For those over 65 planning to continue working, there are many questions to ask when deciding to stick with your employer’s healthcare or opt for Medicare. Not asking the right questions or learning about potential Medicare mistakes to avoid may leave you paying more for health insurance in the long run due to penalties that may be incurred. 

There are many things to take into account before deciding which health insurance coverage to use. Asking questions will help you make the most informed decision. Here are some questions you should ask about your employer’s health coverage:

Is the drug coverage “creditable?”

If your employer’s drug coverage is not creditable, you may not be eligible to delay Medicare Part D coverage.  According to the Centers for Medicare & Medicaid Services, ‘Creditable prescription drug coverage’ is coverage that meets Medicare’s minimum standards since it is expected to pay, on average, at least as much as Medicare’s standard prescription drug coverage.

Is it a group health plan as defined by the IRS?

This question is particularly important for those who are self-employed or receive health coverage at a company that doesn’t offer it to every employee.

If the answer to this question is no, you may have to sign up for Medicare during your Initial Enrollment Period (IEP) to avoid late penalties.

Will this insurance be considered my primary or secondary insurance?

For those who work at a company with 20 or less employees, Medicare will be the primary insurance if you sign up for Medicare. In the State of Washington as long as you do not sign up for Medicare A or B, your group plan will continue to pay the same until you retire. If you sign up for Part A hospital insurance, then Medicare will pay primary and your group plan secondary. This is also true if you’re covered by a spouse’s employer insurance and there are 20 or less employees at the company.

If your company (or spouse’s) has more than 20 employees, the group insurance is primary and Medicare pays secondary. 

If you are planning to stay on your employer-based plan and delay enrolling in Part B, check with your HR department to confirm which plan is the primary payer. 

If you’re unsure about anything regarding your health insurance, it’s always best to ask about it. You can find many answers to your questions online, by talking with a Medicare expert or by discussing it with your employer’s benefits specialist.

Is It Mandatory to Sign Up for Medicare at Age 65?

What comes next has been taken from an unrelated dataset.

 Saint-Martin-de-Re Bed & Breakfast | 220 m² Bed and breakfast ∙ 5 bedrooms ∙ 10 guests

Signing up for Medicare is not mandatory if you are still working at age 65. As long as you are on a group sponsored plan in the State of WA you can delay enrollment until retirement. You can sign up for Part A hospital if you do not have an HSA that you want to continue to contributing money to on a pre-tax basis. 

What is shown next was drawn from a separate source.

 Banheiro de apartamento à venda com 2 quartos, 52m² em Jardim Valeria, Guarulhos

However, even if your company offers health insurance, you or your spouse can choose to enroll in Medicare if it makes more sense for your financial and current health situation.

For those who have decided to continue working after 65, you should understand how your employer’s health insurance will work with Medicare. Knowing if you should delay enrolling in Part A, B or C is the first step to avoiding costly Medicare mistakes.